[llvm-dev] [Proposal][RFC] Epilog loop vectorization
Hal Finkel via llvm-dev
llvm-dev at lists.llvm.org
Mon Feb 27 07:27:35 PST 2017
On 02/27/2017 06:29 AM, Nema, Ashutosh wrote:
>
> Thanks for looking into this.
>
> 1) Issues with re running vectorizer:
>
> Vectorizer might generate redundant alias checks while vectorizing
> epilog loop.
>
> Redundant alias checks are expensive, we like to reuse the results of
> already computed alias checks.
>
> With metadata we can limit the width of epilog loop, but not sure
> about reusing alias check result.
>
> Any thoughts on rerunning vectorizer with reusing the alias check result ?
>
One way of looking at this is: Reusing the alias-check result is really
just a conditional propagation problem; if we don't already have an
optimization that can combine these after the fact, then we should.
-Hal
> 2) Best & worst case for epilog vectorization.
>
> Epilog vectorization incurs additional cost of checks which decides to
> execute either epilog vector loop or scalar loop.
>
> These checks are:
>
> a)Min trip count check for epilog vector loop.
>
> b)Alias result check (only if alias check is generated for first
> vector version)
>
> Where the epilog vector trip count is large epilog vectorization with
> profitable width likely to give gain.
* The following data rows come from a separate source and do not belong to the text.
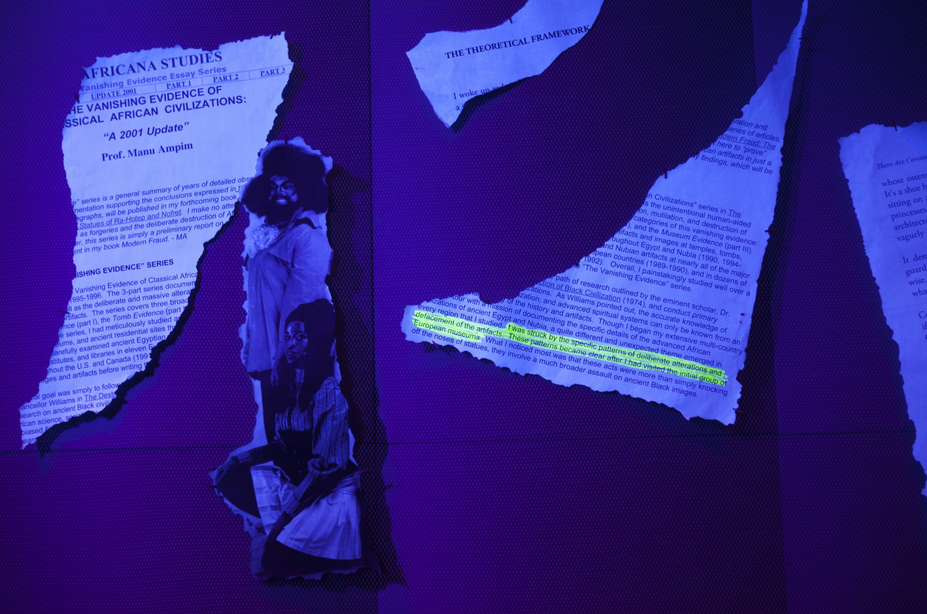 Scraps of paper underneath a black light with a glowing highlight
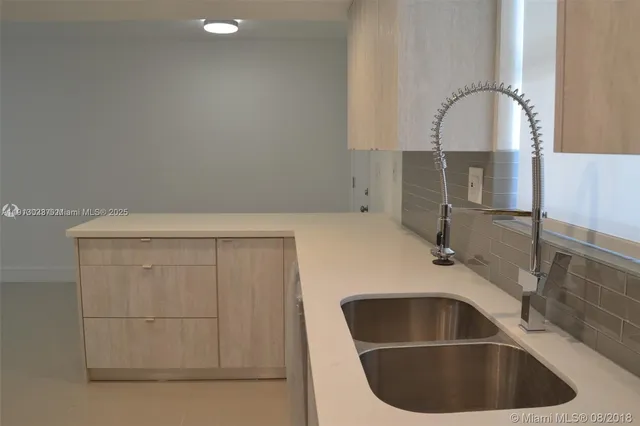 a view of a refrigerator in kitchen and a white cabinet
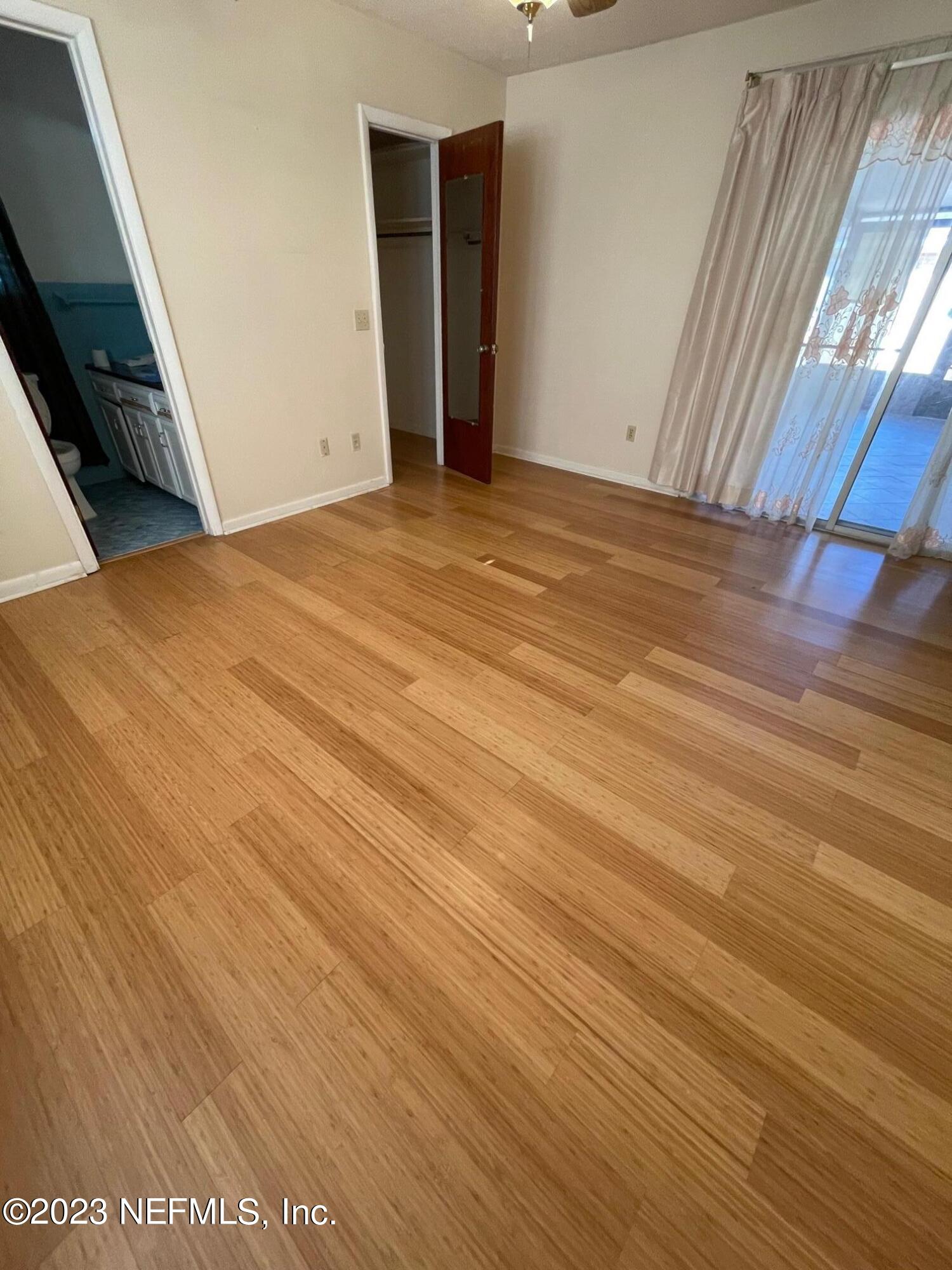 1042 Jamaica Road East Jacksonville, FL 32216 - Photo 13 of 59 a view of an empty room with wooden floor and a window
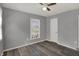 Bedroom featuring neutral walls, a window and a white door, and wood-look flooring at 3343 N Drexel Ave, Indianapolis, IN 46218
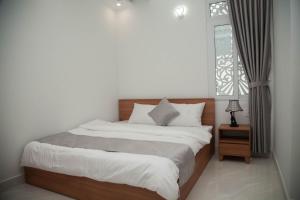 Postel nebo postele na pokoji v ubytování ALEX HOTEL Peony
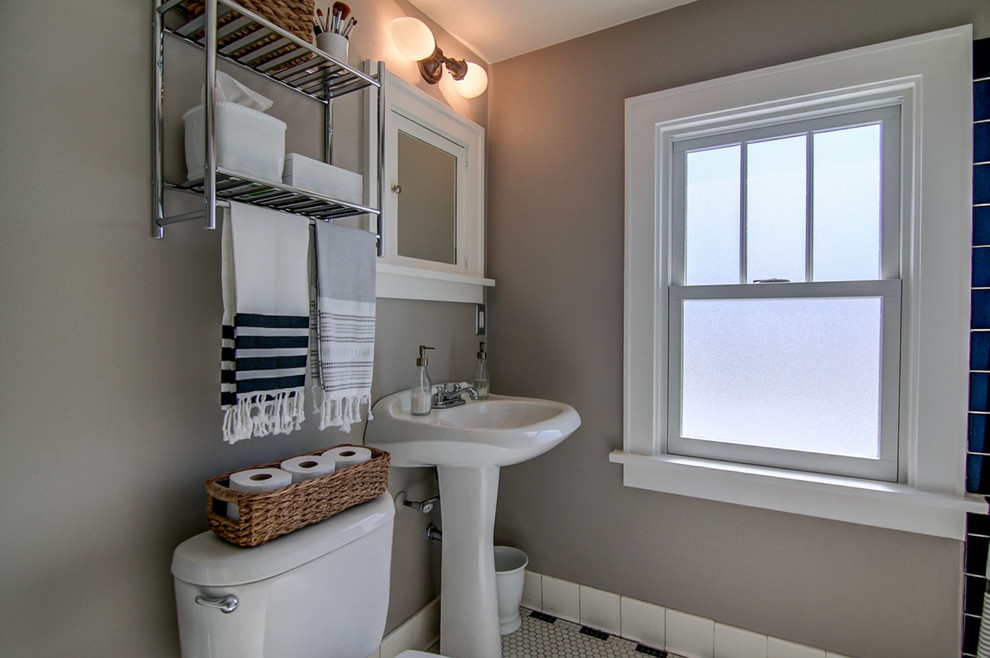 Foto di una stanza da bagno di medie dimensioni con lavabo a colonna, WC a due pezzi, piastrelle bianche, piastrelle in ceramica, pareti grigie e pavimento con piastrelle a mosaico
Worst case probably after these
> additional checks executing the scalar loop.
>
> 3) Benchmarking & results:
>
> We have observed 4% improvement in one of our internal benchmark.
>
> Tried CPU2006 and didn’t found any degrade & improvements.
>
> On code size increase I have not yet verified yet will check and get back.
>
> 4) What should be the minimum first vector loop width to enable
> epilog vectorization.
>
> This count should not be small as it may degrade the performance, with
> my limited tests I have observed 16 is a point it shows gains with one
> of our internal benchmark. This require more experiments & testing to
> decide what should be the minimum width.
>
> 5) Unrolling issues:
>
> As Ayal mentioned with large unroll factor the next profitable
> EpilogVF could be equal to VF.
>
> With the same reason the current patch enforces UF=1, as unrolling can
> minimize the possibility of executing epilog vector loop.
>
> Example to understand the new layout:
>
> void foo (char *A, char *B, char *C, int len) {
>
> int i = 0;
>
> for (i=0 ; i< len; i++)
>
> A[i] = B[i] + C[i];
>
> }
>
> This loop get vectorize with width 32 and epilog loop get vectorized
> with width 8.
>
> a)Please check attached IR(test.ll)
>
> b)To understand how alias check result got used, check temporary
> “acr.val” usage.
>
> Regards,
>
> Ashutosh
>
> *From:*Zaks, Ayal [mailto:ayal.zaks at intel.com]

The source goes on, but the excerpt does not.